Im Verlauf des 19. Jahrhunderts, besonders in seiner zweiten Hälfte, trat die Rhetorik in den Hintergrund, weil es in der Sprachwissenschaft überhaupt zu einer entscheidenden Wende kam: immer mehr lenkten die Forscher ihre Aufmerksamkeit auf die konkreten, „lebenden“ Sprachen in ihrem gegebenen Zustand. Diese Zeit (das Ende des 19. Jahrhunderts) bereitete allmählich die Gründung der eigentlichen Stilistik vor, die nicht mehr intuitiv, sondern nach Möglichkeit objektiv wissenschaftlich sein sollte. Die deutsche Stilistik bekam seit dem 19. Jahrhundert eine zweifache Orientierung: nach der alten Tradition auf die Literaturwissenschaft, mit Einbeziehung der Rhetorik und Poetik; nach der neuen Tradition auf die Sprachwissenschaft. Die beiden Linien entwickelten sich parallel, obwohl die zweite immer produktiver wurde, bis sie gegen Mitte des 20. Jahrhunderts zur endgültigen Behauptung der Linguostilistik geführt hat. Die bedeutendsten Werke auf dem Gebiet der deutschen Stilistik beginnen gerade am Anfang des 20. Jahrhun-derst zu erscheinen, obwohl die ersten von ihnen noch keine Linguostilistik im eigentlichen Sinne des Wortes darstellten. So enthält das Buch von K. H. Meyer „Deutsche Stilistik" (1906) eine produktive Kritik an der alten Stilistik, die ganz der Rhetorik untergeordnet war. Diese Kritik wird mit der Zeit schärfer. Im Jahre 1929 erfolgt E. Winklers „Grundlegung der Stilistik“, und 1948 veröffentlicht W. Kayser sein Buch „Das sprachliche Kunstwerk“. In diesem letzten Werk muß der Verfasser zugeben, daß die veraltete Auffassung der Stilistik noch lebendig sei. Dieser Auffassung zugrunde liegt die Vorstellung vom ausdrucksstarken Text (Dichtung) als von einem ausgeputzten Stück Sprache, das seine Wirkungskraft und seine stilistische Qualität nur solchen Ausdrucks­mitteln wie Tropen und Figuren der alten Rhetorik verdankt.
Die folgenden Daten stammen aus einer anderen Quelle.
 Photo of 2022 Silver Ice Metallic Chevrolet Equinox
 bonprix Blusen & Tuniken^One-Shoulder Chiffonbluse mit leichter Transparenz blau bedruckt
In den 50er Jahren gibt H. S e i d l e r sein Werk „Allgemeine Stilistik“ heraus. Es bildet, nach der allgemeinen Anerkennung, eine gewisse Brücke zwischen der alten Tradition und der neuen Orientierung in der Stilistik. Die alte Stilistik befaßte sich nur mit der Sprache der schöngeistigen Literatur (mit dem belletristischen Stoff), die anderen Verwendungsweisen der nationalen Sprache (ihr Funktionieren in sämtlichen anderen Kommunikationsbereichen) wurden nicht berücksichtigt. H. Seidler überschritt diese verbotene Grenze und wandte sich der Spra­che in ihrem vollen Umfang zu. Darin läßt sich der Übergang zur Linguostilistik, nämlich zur Funktionalsti­listik der Gegenwart erkennen.

Die moderne Linguostilistik untersucht die Gesetzmäßigkeiten der funktional-kommunikativen und expressiv-semantischen Differenzierung im System einer Nationalsprache. Die Funktionalstilistik beschäftigt sich hauptsächlich mit dem ersten Aspekt dieser Differenzierung – mit der unterschiedlichen Verwendung der Sprache in verschiedenen Kommunikationsbereichen, sie richtet ihr Augenmerk auf die Auswahl von Wörtern, Wortverbindungen, Formen und Satzkonstruktionen aus dem System einer Nationalsprache zur Gestaltung der diesem oder jenem Kommunikationsbereich angemessenen Ausdrucksweise.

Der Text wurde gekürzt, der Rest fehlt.